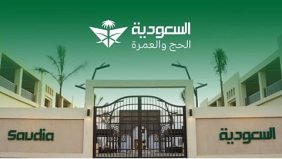 مجموعة السعودية تنفّذ موقعها في مشعر عرفة بنظام طابقين في موسم حج 1447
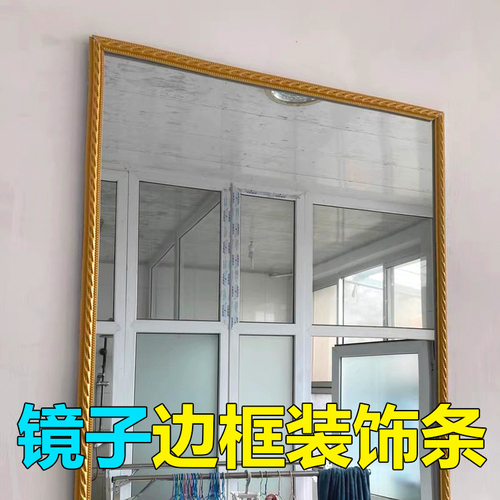 欧式镜边框装饰条pvc自粘线条软石膏画框相框diy手工改镜子包边条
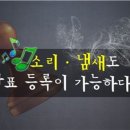 바이러스마케터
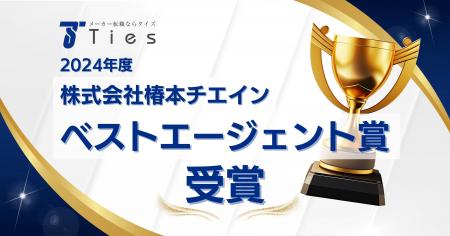 メーカー専門の転職エージェント 株式会社タイズが、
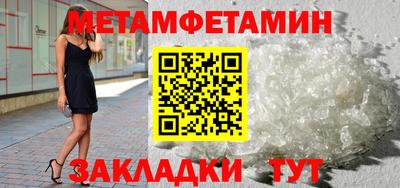 дмт Малоярославец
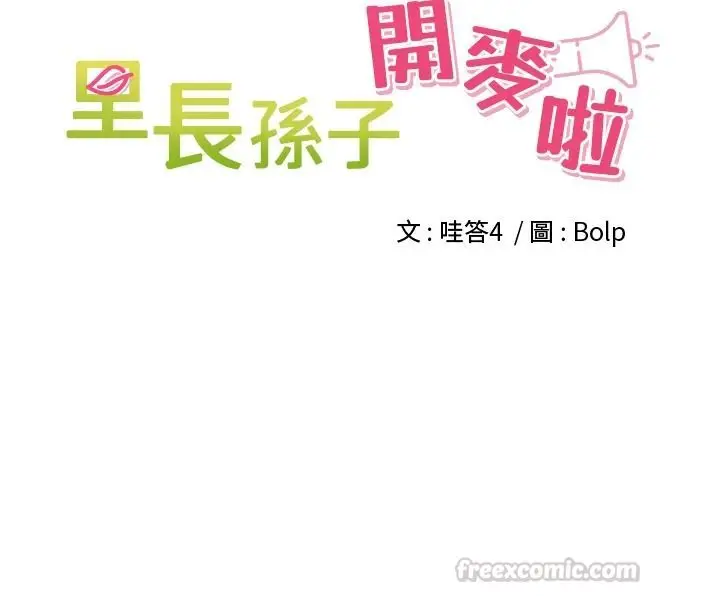 漫画《里长孙子开麦啦》第54话第15张图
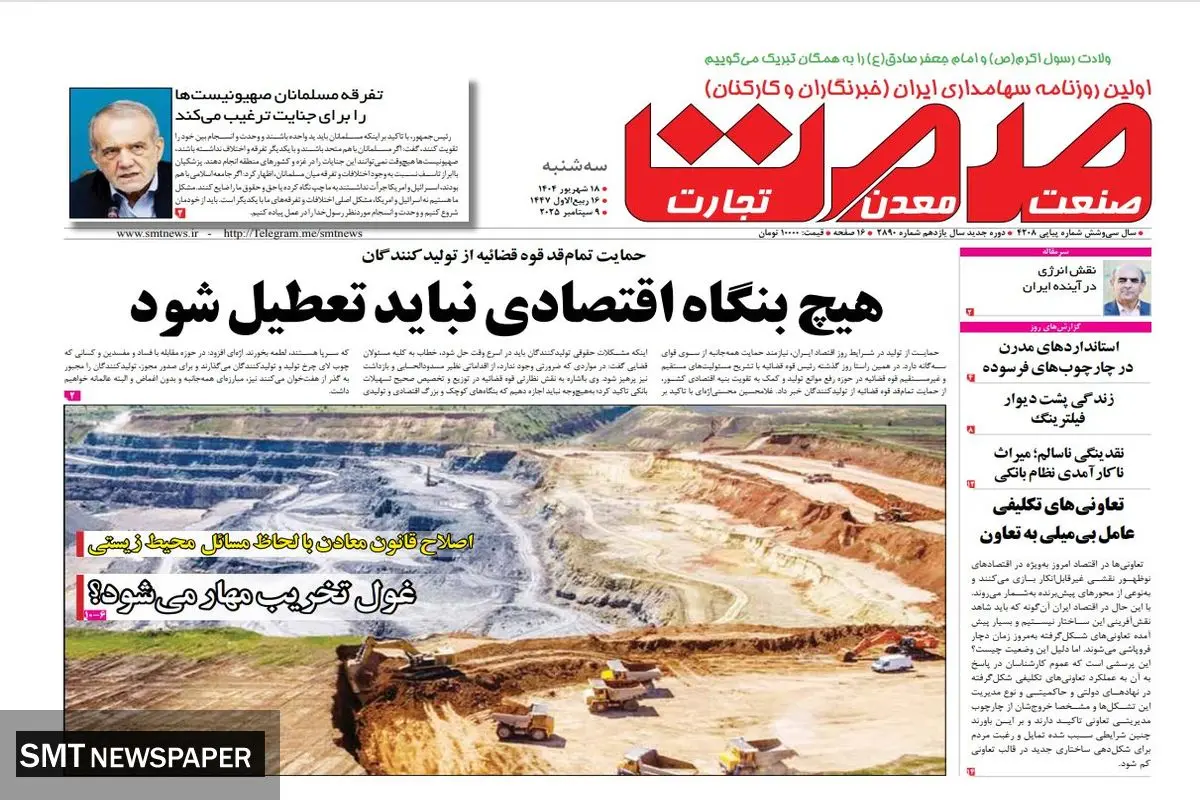 روزنامه صمت سه‌ شنبه ۱۸ شهریور ماه ۱۴۰۴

• _TASK ITEM_
Every line above should be reproduced exactly, please, with no pictures included.

• _SOLUTION TO THE EXERCISE_
 مجموعة السعودية تنفّذ موقعها في مشعر عرفة بنظام طابقين في موسم حج 1447
 欧式镜边框装饰条pvc自粘线条软石膏画框相框diy手工改镜子包边条
 바이러스마케터
 メーカー専門の転職エージェント 株式会社タイズが、
 дмт Малоярославец
 漫画《里长孙子开麦啦》第54话第15张图
 روزنامه صمت سه‌ شنبه ۱۸ شهریور ماه ۱۴۰۴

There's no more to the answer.